Some of the questions I investigated:

How to maximize memory transfer speed? Should I always pin?
Why might prefetch be slower than no prefetch?
Why might fp16 end up slower than bf16 despite using tensor cores?
Why does training loss diverge only in bf16, and only with prefetch enabled?

Key observations:

GPU utilization ≠ performance: fp16 with tensor cores shows lower utilization but is 2.5x faster than bf16 with nearly full utilization.
Extreme bottlenecks resist micro-optimizations.
The OS is part of your system. Page cache behavior, readahead heuristics, mmap access patterns — invisible in traces but likely responsible for some of the weird behavior.
Whether pinning helps depends on the hardware.
One must be careful with custom CUDA streams and the caching allocator.
A bug that's invisible at one speed becomes catastrophic at another.

0. Setup

Safetensors

The whole approach requires loading individual layers from disk. With pickle-based checkpoints you'd typically have to load the entire file to extract one tensor, or pre-split into per-layer files. Safetensors gives random access out of the box — memory-map the file, read any tensor by key:

with safe_open("model.safetensors", framework="pt", device="cpu") as f:
    tensor = f.get_tensor("model.layers.15.self_attn.q_proj.weight")

Meta device

We need the model's architecture without allocating memory. meta device creates tensors that know their shape and dtype but occupy zero bytes:

with torch.device("meta"):
    model = AutoModelForCausalLM.from_config(config, dtype=torch.bfloat16)

Later, load_state_dict(..., assign=True) replaces meta parameters with real tensors. Without assign=True PyTorch tries to copy into existing storage — which doesn't exist on meta.

LoRA stays on GPU

LoRA adapters are a few MB vs multiple GB of base weights. They stay materialized on GPU for the entire run — no offloading. This is the key asymmetry: gradients flow only through LoRA, base weights are read-only context that we stream in and out.

Each layer wrapper is linked into a chain and triggers prefetch of the next one (or previous, in backward) — one layer ahead only, to keep memory usage minimal.

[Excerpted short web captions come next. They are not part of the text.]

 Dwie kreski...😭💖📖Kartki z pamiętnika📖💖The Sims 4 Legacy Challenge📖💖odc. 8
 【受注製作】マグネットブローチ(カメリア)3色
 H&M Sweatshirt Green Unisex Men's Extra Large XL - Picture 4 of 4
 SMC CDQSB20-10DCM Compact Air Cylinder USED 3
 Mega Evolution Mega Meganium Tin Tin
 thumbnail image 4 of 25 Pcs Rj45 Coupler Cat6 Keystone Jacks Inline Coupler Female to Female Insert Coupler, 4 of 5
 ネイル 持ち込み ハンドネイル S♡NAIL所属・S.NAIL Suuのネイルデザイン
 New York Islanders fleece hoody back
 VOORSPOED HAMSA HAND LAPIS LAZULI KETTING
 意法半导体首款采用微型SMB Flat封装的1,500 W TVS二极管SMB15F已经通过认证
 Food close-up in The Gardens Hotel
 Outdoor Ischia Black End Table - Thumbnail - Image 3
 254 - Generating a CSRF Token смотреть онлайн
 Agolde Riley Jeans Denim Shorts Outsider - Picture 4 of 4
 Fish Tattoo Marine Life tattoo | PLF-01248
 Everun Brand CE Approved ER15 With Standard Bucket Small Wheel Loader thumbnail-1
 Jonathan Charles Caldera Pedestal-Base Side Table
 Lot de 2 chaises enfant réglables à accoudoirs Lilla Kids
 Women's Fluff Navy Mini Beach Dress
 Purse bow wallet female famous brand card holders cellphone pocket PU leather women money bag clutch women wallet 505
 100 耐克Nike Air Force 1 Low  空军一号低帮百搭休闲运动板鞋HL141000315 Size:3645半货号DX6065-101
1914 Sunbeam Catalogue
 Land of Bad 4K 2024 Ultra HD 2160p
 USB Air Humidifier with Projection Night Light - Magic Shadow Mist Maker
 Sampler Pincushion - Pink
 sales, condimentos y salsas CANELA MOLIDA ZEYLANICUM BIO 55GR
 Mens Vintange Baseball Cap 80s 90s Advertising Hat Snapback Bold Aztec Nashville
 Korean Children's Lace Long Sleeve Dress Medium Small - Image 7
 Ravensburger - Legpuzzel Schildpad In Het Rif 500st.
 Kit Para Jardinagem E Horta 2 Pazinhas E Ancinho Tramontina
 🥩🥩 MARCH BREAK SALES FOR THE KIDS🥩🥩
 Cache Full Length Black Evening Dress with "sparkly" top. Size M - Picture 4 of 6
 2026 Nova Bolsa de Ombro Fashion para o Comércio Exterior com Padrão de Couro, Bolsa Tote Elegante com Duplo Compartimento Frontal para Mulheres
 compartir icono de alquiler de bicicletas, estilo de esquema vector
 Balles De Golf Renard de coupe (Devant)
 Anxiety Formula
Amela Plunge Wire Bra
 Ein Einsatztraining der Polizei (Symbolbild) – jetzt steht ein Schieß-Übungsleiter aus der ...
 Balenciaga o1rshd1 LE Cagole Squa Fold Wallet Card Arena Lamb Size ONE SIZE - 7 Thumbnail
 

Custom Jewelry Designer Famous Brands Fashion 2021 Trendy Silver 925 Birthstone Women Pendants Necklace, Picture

1. Kaggle T4, bf16 — compute-bound

Baseline

The offload cycle is simple: for each layer, load weights from disk → compute → replace weights with meta tensors to free memory. Every layer is loaded twice per step (forward and backward) since we only save activations between passes. This is wrapped in a custom autograd.Function so it triggers automatically in both directions.

Baseline without any transfer optimizations: 55s.

I look at the profiler trace — GPU utilization is near perfect. Almost all time is spent in compute. The transfer is a relatively small fraction. Looks good, but we can still try to hide that transfer.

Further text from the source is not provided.